■ The input:
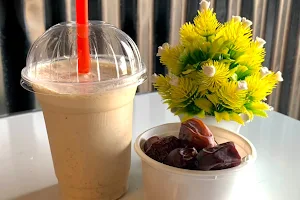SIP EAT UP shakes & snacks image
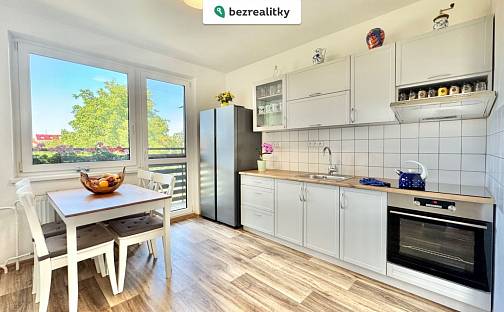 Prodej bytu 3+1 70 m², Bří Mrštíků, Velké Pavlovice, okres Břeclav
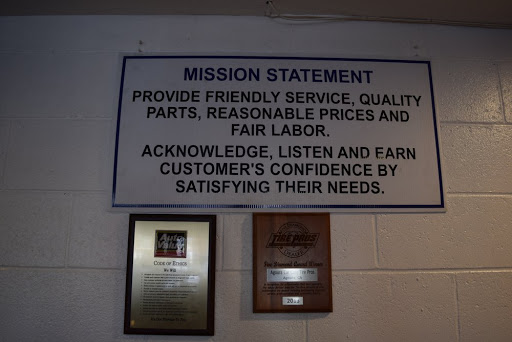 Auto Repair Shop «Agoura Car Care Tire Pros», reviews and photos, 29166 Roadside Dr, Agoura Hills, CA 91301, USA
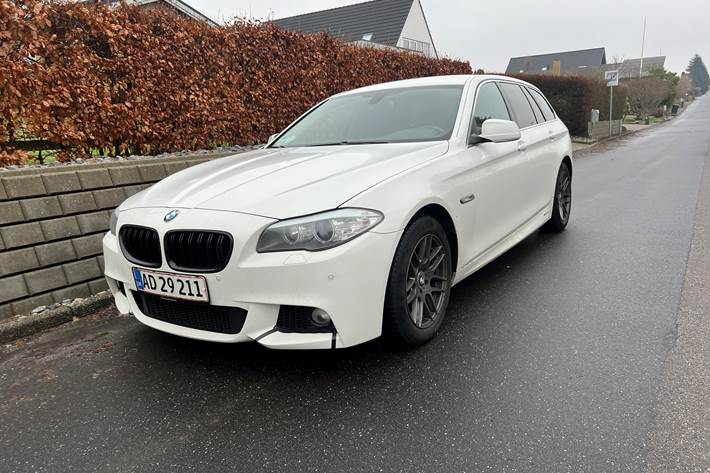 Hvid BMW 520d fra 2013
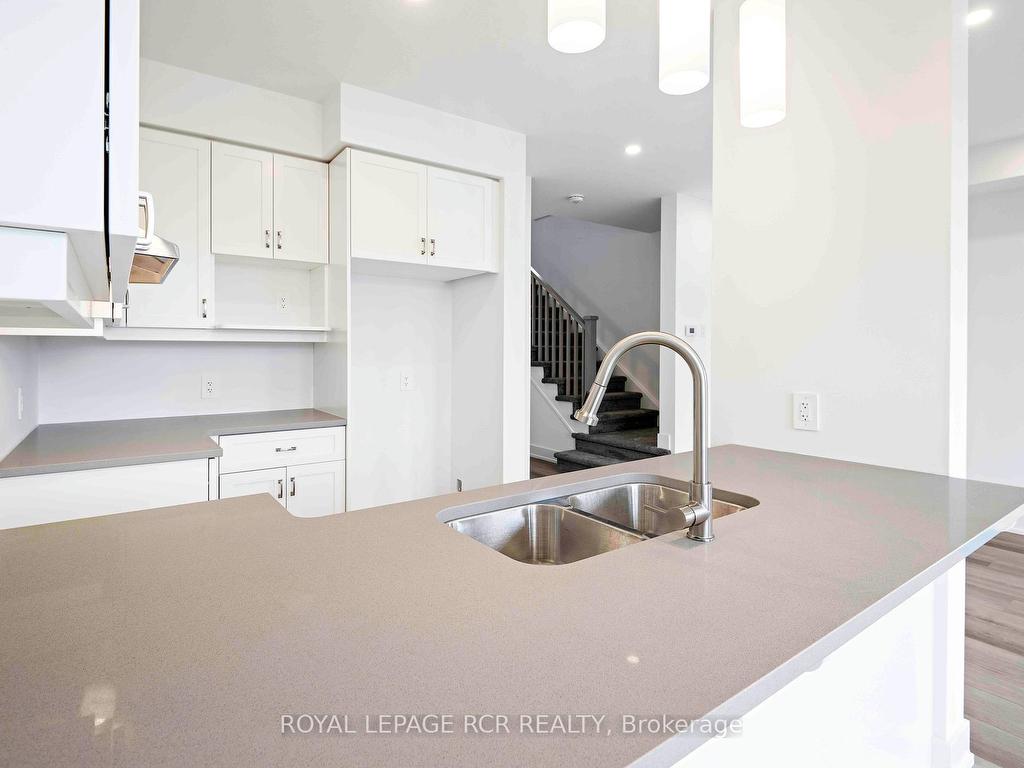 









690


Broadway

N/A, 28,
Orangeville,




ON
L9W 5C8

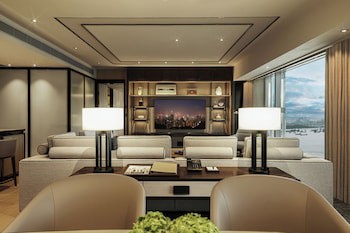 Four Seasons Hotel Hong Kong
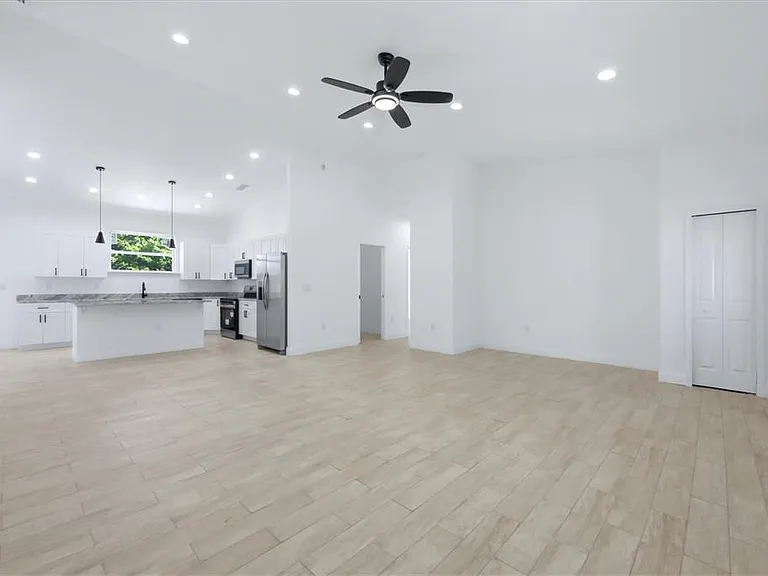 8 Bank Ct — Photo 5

■ Exercise requirements:
Up to and including the last line of the listing, starting at the line with "Hvid BMW 520d fra 2013", extract every line exactly and leave out the pictures.

■ Your response:
 Hvid BMW 520d fra 2013









690


Broadway

N/A, 28,
Orangeville,




ON
L9W 5C8

 Four Seasons Hotel Hong Kong
 8 Bank Ct — Photo 5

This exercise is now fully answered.